═════ MATERIAL SHOWN

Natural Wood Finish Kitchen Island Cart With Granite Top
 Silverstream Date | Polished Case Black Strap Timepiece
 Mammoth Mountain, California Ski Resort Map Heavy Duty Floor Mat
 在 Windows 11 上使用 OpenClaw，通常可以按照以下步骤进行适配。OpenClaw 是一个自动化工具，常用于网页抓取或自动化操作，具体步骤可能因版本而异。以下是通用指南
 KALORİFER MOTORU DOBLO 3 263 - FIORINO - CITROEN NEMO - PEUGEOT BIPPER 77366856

══════════

ASSIGNMENT: What should come out is the exact run of lines from the one holding "Mammoth Mountain, California" through the end of the records above, and nothing besides.

YOUR SOLUTION:
 Mammoth Mountain, California Ski Resort Map Heavy Duty Floor Mat
 在 Windows 11 上使用 OpenClaw，通常可以按照以下步骤进行适配。OpenClaw 是一个自动化工具，常用于网页抓取或自动化操作，具体步骤可能因版本而异。以下是通用指南
 KALORİFER MOTORU DOBLO 3 263 - FIORINO - CITROEN NEMO - PEUGEOT BIPPER 77366856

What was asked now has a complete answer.